LA “NUOVA” DEMOCRAZIA?

«Poi l’ altroieri l’ anziano reazionario non ce la fa più ed esplode finalmente nell’ urlo più liberatorio e fantozziano: la democrazia è una cag… pazzesca!», e l’invettiva di fantozziana memoria è bella che servita. La goccia che fa traboccare il vaso del travaglismo è ovviamente l’ultima legge elettorale del Rosatellum Bis visto dal Fatto come fumo negli occhi e in qualche modo invece difeso da Scalfari, che vi oppone tutto il suo trasporto cogitativo. «Zagrebelsky è un mio amico, gli voglio un gran bene e ho grande stima per le sue capacità giuridiche ma sono da tempo in totale disaccordo sulla sua posizione politica.

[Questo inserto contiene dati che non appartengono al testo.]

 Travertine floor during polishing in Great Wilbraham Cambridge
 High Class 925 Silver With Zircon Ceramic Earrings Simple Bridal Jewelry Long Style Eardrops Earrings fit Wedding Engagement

Lui ha molta considerazione per il popolo sovrano. È il popolo che deve decidere e decide e questa è la democrazia. La mia tesi è molto diversa La sovranità è affidata a pochi che operano e decidono nell’interesse dei molti», scrive Scalfari su Repubblica, e aggiunge per confermare la sua tesi, «i pochi governano per il bene dei molti. Se si vota in una piccola città per il sindaco gran parte degli elettori lo conosce e gli può piacere e non piacere e votarlo o non votarlo ma se si tratta di un intero Paese il popolo non conosce i candidati, vota per il partito al quale si sente più vicino. Questa è la libertà del popolo sovrano: non la scelta della persona ma la scelta del partito dal quale ci si aspetta il bene e non il male». Travaglio dire che l’ha presa male è un eufemismo e attacca ancora con tutta la sua verve ironico-cinica, et voilà: «era dai tempi del conte de Maistre e del principe di Canosa che non si leggeva un pensiero politico di così ampie vedute. Manca solo un appello a farla finita col suffragio universale e a ripristinare quello per censo o per lombi, onde evitare che il voto di uno zotico grillino valga quanto quello del principe Eugenio e degli altri ottimati…».